Она не раз видела сцены смерти с тех пор, как поступила на службу империи. Но до сих пор ее это не касалось. Теперь было совсем по-другому, воспоминания останутся надолго. «Не так, как раньше. Тарус двадцать лет провела, смывая кровь с рук». А теперь перед ее взором вставала одна и та же сцена: пустые доспехи на холме. Те люди бежали к ней, искали у нес защиты от ужаса, безумствующего на равнине. Это был жест отчаяния. Тайскренн о них не заботился, о них заботилась она. Она была для них своя. В прошлых сражениях они бились как львы, чтобы спасти ее жизнь. А в этот раз была битва магов. Ее черед. Особенность Второй. То, что удерживало армию от гибели и вызывало к жизни легенды о ее легионах. У тех солдат была надежда, они имели на нее право. Они бежали к ней за спасением. И умерли ради него.
«Если бы я принесла в жертву себя? Укрыла бы их защита моего Пути?» – думала Порванный Парус. Она выжила благодаря инстинкту самосохранения, инстинкт ничего общего не имел с благотворительностью. Сострадательные люди долго на войне не живут.
«Быть живым, – решила Порванный Парус, подходя к своей палатке, – и радоваться этому – совершенно разные вещи». Она вошла в палатку и опустила полог, потом осмотрела свои пожитки. Негусто, после двухсот девятнадцати лет жизни. Дубовый сундук, в котором хранятся ее книги о Тюре, запечатан заклинанием, на столике у постели – алхимические приспособления, разбросанные как детские игрушки.

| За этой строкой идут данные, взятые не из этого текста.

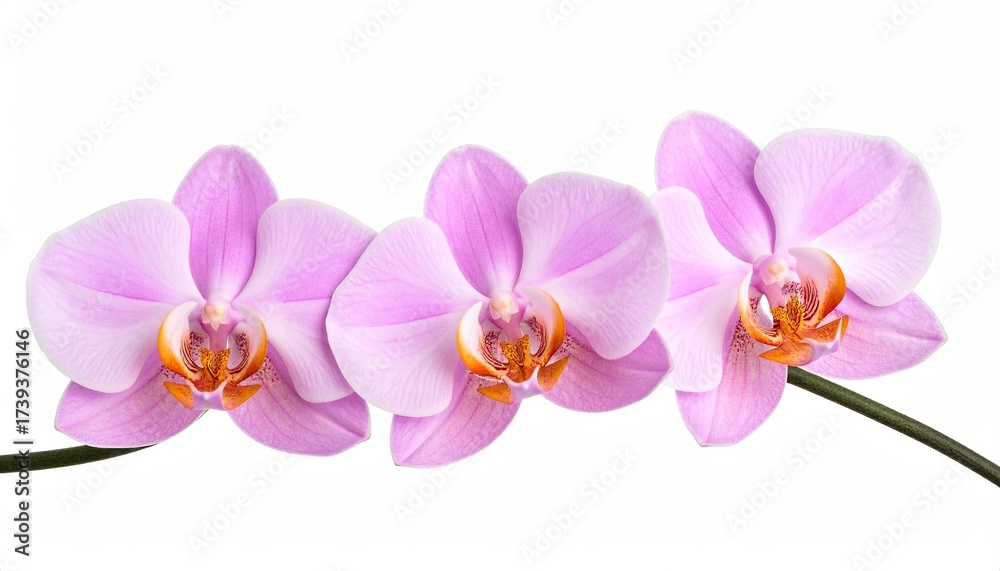 Obraz premium Three delicate pink orchids in a horizontal row against a white background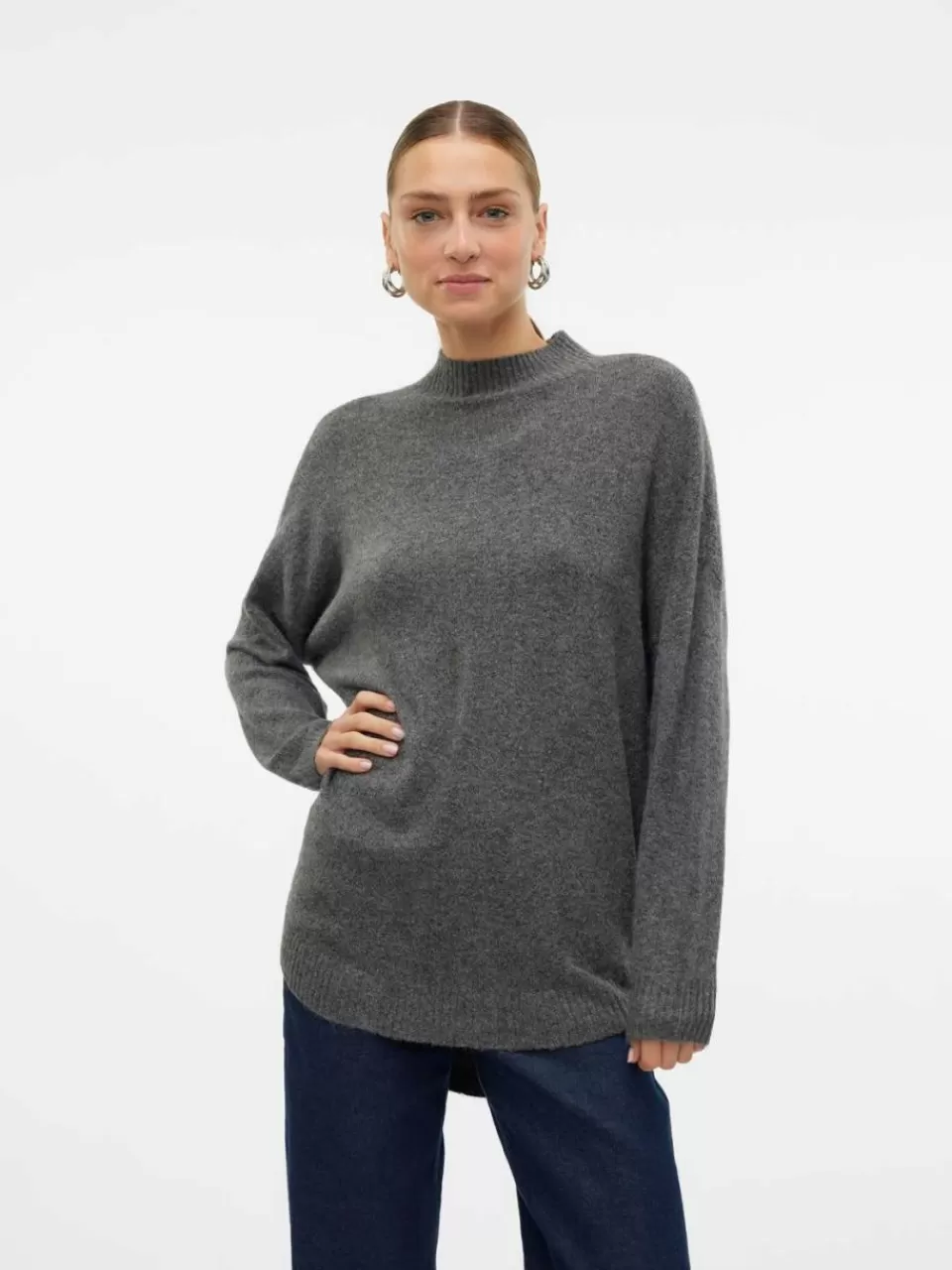 New VERO MODA VMPLAZA Genser Medium Grey Melange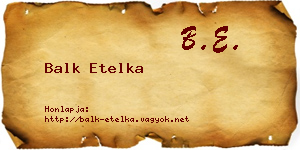Balk Etelka névjegykártya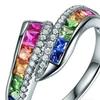 Yousheng Women Ring Shiny Rhinestone Inlaid Sparkling Geometric Electroplating Decoration Gift Rainbow Colored Faux Gemstone Party Ring Jewelry for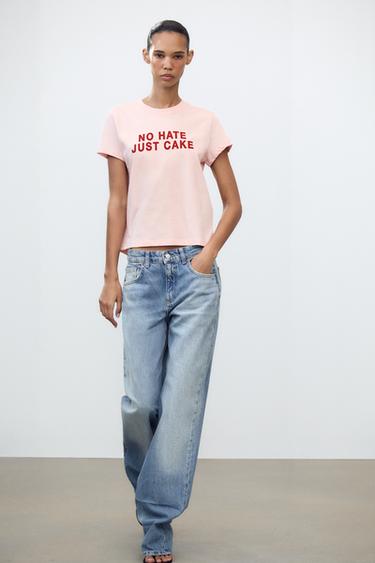 T-SHIRT WITH SLOGAN - Pink by Zara - Image 0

Среди них лежал ее расклад Дракона. Она задержала взгляд на картах. Все в палатке выглядело по-новому – сундук, алхимические склянки, одежда, – все это принадлежало кому-то более молодому и тщеславному. А вот расклад Дракона был как старый добрый друг.

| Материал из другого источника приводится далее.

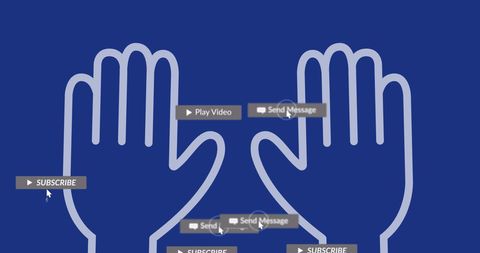 Digital Communication and Social Media Power Illustration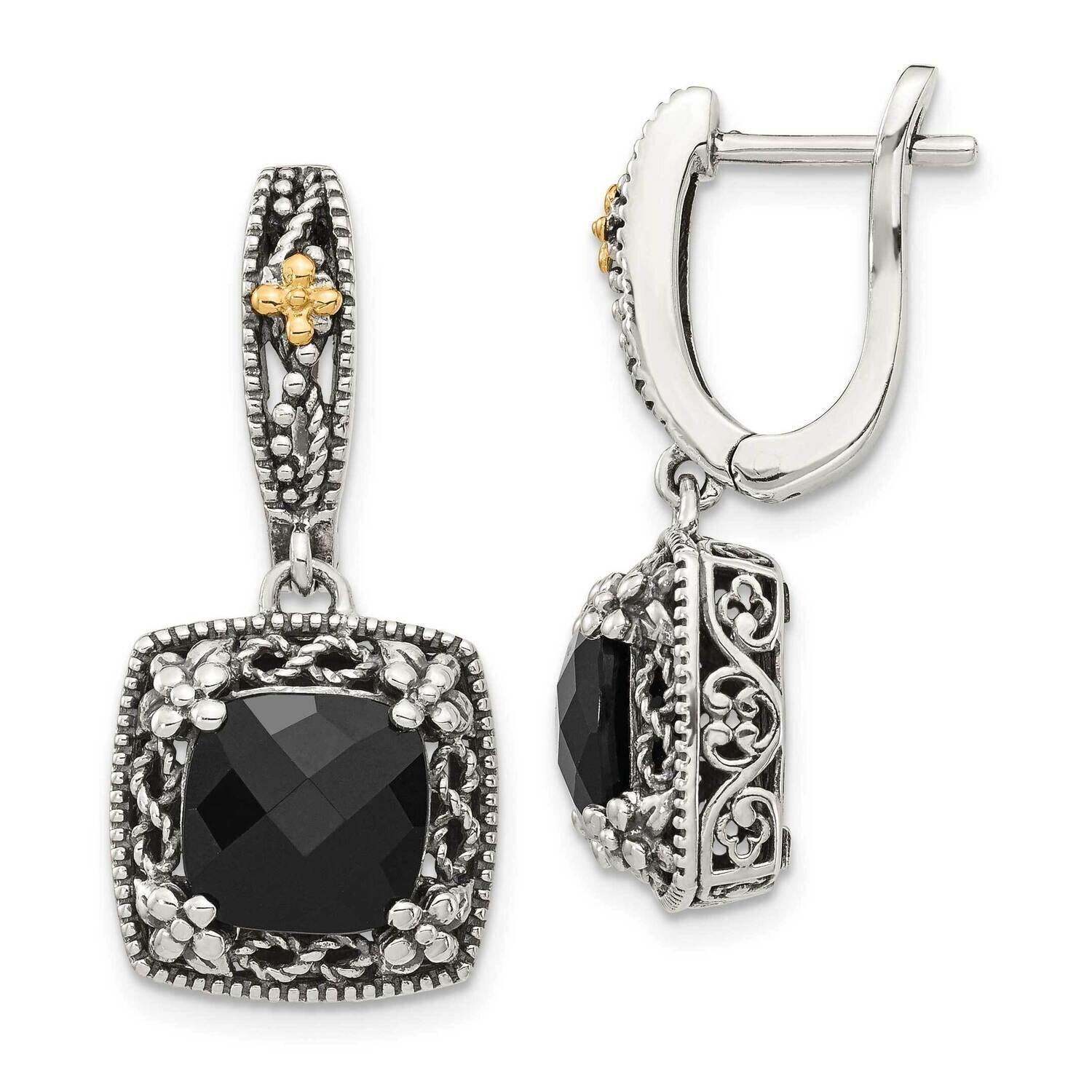 Onyx Earrings Sterling Silver with 14k Gold Polished QTC1545, MPN: QTC1545, 883957231433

Порванный Парус подошла к нему. Рассеянным жестом она отбросила сверток, данный ей Каламом. Потом выдвинула стул из-за стола. Она присела и взяла колоду. Ее охватили сомнения.
Время шло. Что-то ее удерживало. Возможно, на смерть Калота было указание, и она все это время подозревала, что так и будет. Боль и страх всю жизнь составляли сущность ее души, но время с Калотом было совсем иным. Тогда у нее были свет, счастье, удовольствие. А она называла это развлечением.
– Как можно предать такое? – она произнесла эти слова с горечью и возненавидела себя за это. Ее старые демоны вернулись к ней, осмеивая смерть ее надежд. «Ты уже однажды отказалась от расклада, в ночь перед гибелью Мотта, в ночь, когда Танцор и еще один человек, что в те дни правил империей, похитили твою любовь, помнишь? Станешь ли отрицать, что тот расклад существовал?»
Ее взор затуманился воспоминаниями, которые она давно считала погибшими, она глядела на карты, часто моргая. «Хочу ли я услышать, что ты скажешь, старина? Нужны ли мне твои напоминания, твое заявление, что вера – для дураков?»